A Pays de La Fleur d’Oranger Eau de Madeleinestands alone, although if I had to compare it to anything, which is something I love to do with perfumes, it would be Balmain Ambre Gris. It’s not the same, and not really even similar, but it does have that magical non sweet yet still a gourmand vibe. It smells like smoke from a woodfire, sandalwood incense, with a warm base of vanilla and suede. Eau de Madeleine triggers a scent memory for me, I’m sitting in my childhood living room, my dad is reading, my mother is embroidering, and my brother and I are sipping huge mugs of Ovaltine in warm milk in front of a roaring fire. Beautiful, with a touch of melancholy and a lot of saudade for my childhood.
The name of this perfume, Eau de Madeleine, is an homage to Proustian Memory. Au Pays de la Fleur d’Oranger Eau de Madeleine is based on that. Virginie Roux, who is the creator of this beautiful perfume line, was inspired by Proust and memories of her grandmother and a larger search for meaning and our childhood memories. From their website:
We are all in search of our roots. We all have memories of childhood. A “Madeleine” that is ours (An involuntary trigger to memories past). A search for meaning at a certain time of one’s life. L’Eau de Madeleine is a woman’s perfume for a free woman. Dedicated to Virginie’s grandmother. Woman of post-war emancipation. This perfume survives her. L’Eau de Madeleine warms the heart. It is enveloping, reassuring. Everyone can recognise themselves in Virginie’s journey. This fragrance is both melancholic and infinitely subtle. It also carries a strong message about women with powerful personalities. It is saturated with incense. This raw material, widely used for religious ceremonies, is prized in perfumery. Its high concentration gives the fragrance a unique flavor. It is as sacred as the woman who wears it.
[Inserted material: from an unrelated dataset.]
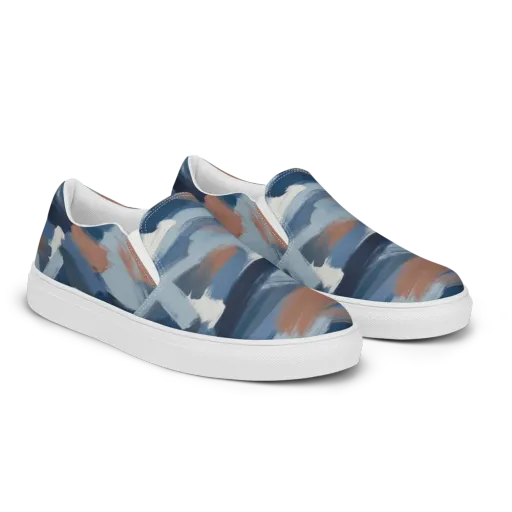 Indigo Brush Current on a Men's Slip-On Canvas Shoes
There is a scene in the first volume of Marcel Proust’s masterpiece, In Search of Lost Time, he tastes a piece of a ‘petite madeleine’ cake steeped in tea. He experiences an involuntary memory, triggered by the taste and smell of the madeleine dipped in tea. Scent, and I imagine taste as well, are powerful senses that can take us back in time to a time and place we may have forgotten.
But when from a long-distant past nothing subsists, after the people are dead, after the things are broken and scattered, taste and smell alone, more fragile but more enduring, more immaterial, more persistent, more faithful, remain poised a long time, like souls, remembering, waiting, hoping, amid the ruins of all the rest; and bear unflinchingly, in the tiny and almost impalpable drop of their essence, the vast structure of recollection.